Thursday, October 24, 2024

Godly Friendship

There are “friends” who destroy each other, but a real friend sticks closer than a brother. (Proverbs 18:24 NLT)

Sociologists tell us that in the first stage of life, we are shaped mostly by our family. In the second stage life—and for the rest of our lives—we are shaped largely by our friends. Show me your friends, and I’ll show you your future. In ways big and small, we become like the people we spend time with. Our friends influence us, for better or worse. They either elevate us and motivate us to be our best possible self, or they take us down with them.

And we do the same for them. Some people bring joy wherever they go. Others bring joy whenever they go. Which one are you? Are you Bobby Buzzkill or Debbie Downer? Are you the one who lights up a room or turns the lights off? Are you the one who builds others up or the one who tears them down?

Proverbs 18:24 distinguishes between destructive “friends” and real friends. But in our lives it’s sometimes hard to tell the difference between friends “who destroy” and friends who stick “closer than a brother.” And if you don’t have a lot of friends, it’s hard to tell whether a friend who destroys is worse than no friend at all.

The Bible offers several tips for finding godly friends and avoiding ungodly ones. Proverbs 22:24 says, “Don’t befriend angry people or associate with hot-tempered people” (NLT). Psalm 1:1-2 says, “Oh, the joys of those who do not follow the advice of the wicked, or stand around with sinners, or join in with mockers. But they delight in the law of the Lord, meditating on it day and night” (NLT).

The best places to find these potential friends are where God’s people meet. Worshipping or serving together at church or in a ministry is ideal common ground on which to build a friendship.
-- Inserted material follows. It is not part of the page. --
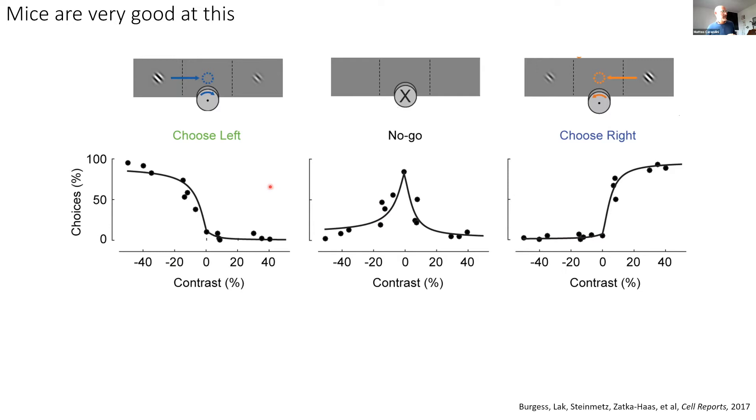When there's high contrast on the right, the mouse almost 100% of the time chooses right. When there's nothing at all on the screen — the zero condition — the mouse about 75% of the time holds the wheel. But beautifully, the mouse also makes mistakes. For example, there are cases where the mouse should have moved the wheel but instead chose to hold. And there are cases where the mouse should have chosen the right stimulus but chose the left, or a no-go — because the stimulus was hard to see; it was low contrast. These mistakes are fundamental for understanding decision making, because the physical reality is the same but the mouse arrives at a different decision.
If you already have godly friendships, treat them like the treasures they are. Give God thanks for them. Express your gratitude to your friends. Refuse to take them for granted. Respect their time, their opinions, their boundaries, their privacy, and their personal preferences.

Be the godly friend your friends need. Pray for them daily in a meaningful way. Stay informed about their needs and struggles so that you can take each one before God individually. Encourage them with words of comfort, motivation, and wisdom from Scripture. Put genuine effort into your friendship. Give it a place of priority in your life. Do the heavy lifting when necessary. Refuse to allow minor squabbles to grow into something bigger. Be quick to understand and forgive. Keep the lines of communication open.

Be the person who sticks closer than a brother no matter what happens.